It’s a phenomenon many preschoolers know well: when you mix cornstarch and water, weird things happen. Swish it gently in a bowl, and the mixture sloshes around like a liquid. Squeeze it, and it starts to feel like paste. Roll it between your hands, and it solidifies into a rubbery ball. Try to hold that ball, and it will dribble away as a liquid.

Most of us know this stuff as “oobleck,” after a sticky green goo imagined by Dr. Seuss. Scientists, on the other hand, refer to it as a “non-Newtonian fluid”—a material that appears thicker or thinner depending on how it is manipulated. That’s because the particles are so small they can be influenced by temperature and by electric charges that build up between them.

Now MIT engineers have developed a mathematical model that accurately simulates oobleck’s behavior under various conditions.

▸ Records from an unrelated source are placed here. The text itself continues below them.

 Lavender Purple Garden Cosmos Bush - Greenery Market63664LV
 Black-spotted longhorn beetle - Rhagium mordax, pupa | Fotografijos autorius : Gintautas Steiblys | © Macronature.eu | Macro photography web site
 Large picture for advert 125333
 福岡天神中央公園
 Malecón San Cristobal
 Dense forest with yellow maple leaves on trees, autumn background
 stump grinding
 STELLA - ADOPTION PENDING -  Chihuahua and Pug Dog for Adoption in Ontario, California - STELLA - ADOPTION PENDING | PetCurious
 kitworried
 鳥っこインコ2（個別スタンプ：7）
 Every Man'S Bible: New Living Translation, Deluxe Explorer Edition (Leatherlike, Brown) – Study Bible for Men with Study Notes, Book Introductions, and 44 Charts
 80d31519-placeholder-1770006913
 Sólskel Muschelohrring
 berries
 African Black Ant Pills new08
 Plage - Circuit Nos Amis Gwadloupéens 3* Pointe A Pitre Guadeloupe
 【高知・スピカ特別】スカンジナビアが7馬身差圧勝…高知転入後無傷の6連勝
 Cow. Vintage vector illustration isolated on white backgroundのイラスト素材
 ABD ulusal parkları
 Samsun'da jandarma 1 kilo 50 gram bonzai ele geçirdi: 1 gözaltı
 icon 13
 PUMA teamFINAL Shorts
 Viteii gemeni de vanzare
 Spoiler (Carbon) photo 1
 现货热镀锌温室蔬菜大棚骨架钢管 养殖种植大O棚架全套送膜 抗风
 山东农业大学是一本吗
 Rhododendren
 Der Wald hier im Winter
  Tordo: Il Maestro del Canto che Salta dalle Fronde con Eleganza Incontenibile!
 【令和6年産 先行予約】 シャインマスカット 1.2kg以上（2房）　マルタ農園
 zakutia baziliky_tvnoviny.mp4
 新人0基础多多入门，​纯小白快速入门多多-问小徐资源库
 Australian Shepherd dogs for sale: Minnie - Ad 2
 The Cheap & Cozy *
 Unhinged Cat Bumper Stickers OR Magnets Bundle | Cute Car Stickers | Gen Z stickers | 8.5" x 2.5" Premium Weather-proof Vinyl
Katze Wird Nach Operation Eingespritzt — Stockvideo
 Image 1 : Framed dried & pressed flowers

Aside from predicting what the stuff might do in the hands of toddlers, the model could be useful for developing applications such as a highway pothole filler that hardens as a car drives over it or a bulletproof vest liner that morphs into an added shield against sudden impacts.

“It’s a simple material to make—you go to the grocery store, buy cornstarch, then turn on your faucet,” says Ken Kamrin, PhD ’08, an associate professor of mechanical engineering. “But it turns out the rules that govern how this material flows are very nuanced.”

Kamrin and graduate student Aaron Baumgarten have published their results in the Proceedings of the National Academy of Sciences.